At 38, she's now the youngest state premier in Australia. She lost her seat in Lyons in 1998, but was voted back into parliament in 2002 in the seat of Franklin, which she has held ever since.

Many have judged Green’s promotion to deputy a slap in the face for democracy. Five years ago, he was sent to the backbench in disgrace over the “deals for mates” scandal, which involved a secret agreement with the Tasmanian Compliance Corporation.

Charges against Green were eventually dropped after juries in two Supreme Court trials failed to reach a verdict.

In an interview on ABC radio on January 25, Giddings said: “He does have previous ministerial experience in which he did make a significant mistake. He has apologised to the Tasmanian people. He has had to live with the consequence of that mistake as well.

"I think he is a changed person from it. We do need to give people a second chance."

She cited the new Integrity Commission and other initiatives as evidence that the government has strengthened its accountability mechanisms.

Giddings said the Labor-Green coalition government would stay intact.

McKim told news cameras after Bartlett’s announcement: “The King is dead, long live the Queen.”

In the past, the Greens have said Green was unfit to be a minister. But McKim has not criticised Green’s new promotion.

Giddings used her first day in the job to reaffirm her support for the unpopular Tamar Valley pulp mill, near Launceston.

She has refused to rule out that her government would act as a guarantor for pulp mill owners Gunns.

Her refusal to rule out such a funding arrangement led to angry comments on alternative news site,

For example, anti-pulp mill campaigner Anne Layton-Bennett wrote on January 25: “Lara … The pulp mill is a stinking albatross that has hung around Tasmania’s collective neck for far too long. We don’t need it. The vast majority don’t want it. And you can be absolutely sure we will NEVER stop fighting it.”

Despite this, some groups have welcomed Giddings’ rise to premier.

On January 24, the Tasmanian Gay and Lesbian Rights Group’s Rodney Croome welcomed her appointment.

He said: “As attorney-general, Lara Giddings showed her commitment to equality for gay, lesbian, bisexual and transgender people by championing the legal recognition of same-sex parents, state civil union ceremonies and overseas same-sex marriages.

“Her commitment to human rights is also demonstrated by her strong support for a state Charter of Rights, surrogacy law reform, the decriminalisation of prostitution and voluntary euthanasia… my hope is that under her leadership Tasmania will make substantial progress to becoming a more equal, tolerant and inclusive society.”
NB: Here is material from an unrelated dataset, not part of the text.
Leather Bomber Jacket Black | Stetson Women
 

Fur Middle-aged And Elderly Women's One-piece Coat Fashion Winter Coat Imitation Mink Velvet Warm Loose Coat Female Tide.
On the other hand, Karl Stevens, a West Tamar councillor and former Greens member, said Giddings was “a complete disgrace” in a January 26 post on

He said: “How anyone could claim to support ‘human rights’ while voting to remove the human rights of Tasmanians under section 11 of the PMAA [Pulp Mill Assessment Act], makes her an absolute hypocrite.”

The state's economy is said to be in strife and the mid-year financial review is due in a few weeks. Giddings has hinted of big budget cuts to come.

She told ABC radio on January 25: “Our expenses are outstripping our revenue … that means we have to make some tough decisions … There will be some belt-tightening.”

She said public sector job cuts were one option on the table.

Some commentators found further cause for concern when former (and loathed) Labor premier Paul Lennon told the January 25 Examiner he believed Giddings was “born to be Premier” and that he’d like to think he’s been “a bit of a mentor” to her.